5.2 Typical Gestures Produced

During the electricity tasks, the children across all three age groups used representational gestures in order to draw out paths showing how they thought the electricity moved in a circuit (Fig. 8.4). As shown in Fig. 8.4, the child either used their fingers to trace a path above the circuits and their whole hands or in some cases both hands to draw paths that followed the wires in the circuits that they had built. These gestures, considered representational because it is proposed that these were used to show how the electricity moved in the circuit, were particularly useful in this context for revealing the underlying models about electricity that the children held.

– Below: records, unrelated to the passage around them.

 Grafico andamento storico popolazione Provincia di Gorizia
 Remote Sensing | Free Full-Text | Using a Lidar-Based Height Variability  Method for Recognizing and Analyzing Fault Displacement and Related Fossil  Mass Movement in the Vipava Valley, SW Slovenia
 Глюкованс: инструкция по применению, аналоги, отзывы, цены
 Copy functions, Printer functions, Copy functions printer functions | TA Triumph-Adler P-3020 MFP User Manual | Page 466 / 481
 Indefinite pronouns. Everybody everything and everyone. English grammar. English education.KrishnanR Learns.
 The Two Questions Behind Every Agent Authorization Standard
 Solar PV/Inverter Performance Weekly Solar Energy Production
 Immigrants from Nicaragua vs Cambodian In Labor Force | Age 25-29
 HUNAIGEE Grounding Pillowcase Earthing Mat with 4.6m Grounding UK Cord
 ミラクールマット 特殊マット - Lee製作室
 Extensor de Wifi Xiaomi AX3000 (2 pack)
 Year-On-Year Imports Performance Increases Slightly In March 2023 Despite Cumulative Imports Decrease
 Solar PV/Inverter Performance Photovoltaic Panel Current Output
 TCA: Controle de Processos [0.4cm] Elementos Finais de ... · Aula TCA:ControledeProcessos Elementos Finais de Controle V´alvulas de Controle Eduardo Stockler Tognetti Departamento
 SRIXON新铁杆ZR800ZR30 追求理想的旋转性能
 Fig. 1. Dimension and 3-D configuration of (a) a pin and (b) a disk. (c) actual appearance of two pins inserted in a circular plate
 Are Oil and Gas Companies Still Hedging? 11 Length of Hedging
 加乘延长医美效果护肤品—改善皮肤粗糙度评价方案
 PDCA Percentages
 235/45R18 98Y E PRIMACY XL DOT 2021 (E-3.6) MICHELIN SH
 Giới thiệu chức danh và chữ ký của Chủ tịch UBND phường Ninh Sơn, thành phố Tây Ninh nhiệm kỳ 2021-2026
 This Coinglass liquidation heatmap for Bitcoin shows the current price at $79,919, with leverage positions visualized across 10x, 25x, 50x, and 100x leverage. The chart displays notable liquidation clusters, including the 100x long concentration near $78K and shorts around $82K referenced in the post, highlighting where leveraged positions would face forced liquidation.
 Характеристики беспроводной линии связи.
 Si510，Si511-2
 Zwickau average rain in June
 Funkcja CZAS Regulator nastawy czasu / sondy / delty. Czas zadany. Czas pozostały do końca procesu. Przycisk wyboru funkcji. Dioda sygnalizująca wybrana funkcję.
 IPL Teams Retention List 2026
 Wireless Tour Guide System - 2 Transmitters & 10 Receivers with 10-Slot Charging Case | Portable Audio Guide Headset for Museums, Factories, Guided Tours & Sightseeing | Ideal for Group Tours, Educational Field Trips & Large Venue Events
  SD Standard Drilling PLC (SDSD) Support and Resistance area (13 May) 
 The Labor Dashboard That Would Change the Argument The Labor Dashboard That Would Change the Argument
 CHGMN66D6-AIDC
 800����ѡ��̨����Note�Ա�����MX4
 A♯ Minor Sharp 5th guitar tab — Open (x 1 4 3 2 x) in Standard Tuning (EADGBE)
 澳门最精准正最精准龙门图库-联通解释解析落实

For example, some children stopped the gesture once they reached the bulb, whilst other continued the gesture back to battery, and on other occasions, children drew out continuous circuits representing that they believed that the electricity did not stop; it just continued to ‘flow’. It is proposed that these gestures revealed specific and fundamentally different frameworks for understanding electricity. In addition to the representational gestures, children frequently use referential gestures to point to objects during their discussions, often without naming the referent object, and as such, the gestures formed an important aspect of their communication about ideas. Thinking gestures were used by some children in order to indicate that they were considering their responses, and these gestures took many forms and included finger tapping and hair stroking.

Fig. 8.4

Typical representational gestures that occurred across the three age groups of children during their discussion about circuits. The gestures represented the ways that the children thought the electricity moved through the circuit

Social gestures were also used during some discussions in order to elicit ideas from other members of the groups or to clarify whether there was agreement for the ideas being discussed. These gestures were interesting because on some occasions, these resulted in children stopping their discussions and waiting for other group members to complete or complement what they had said.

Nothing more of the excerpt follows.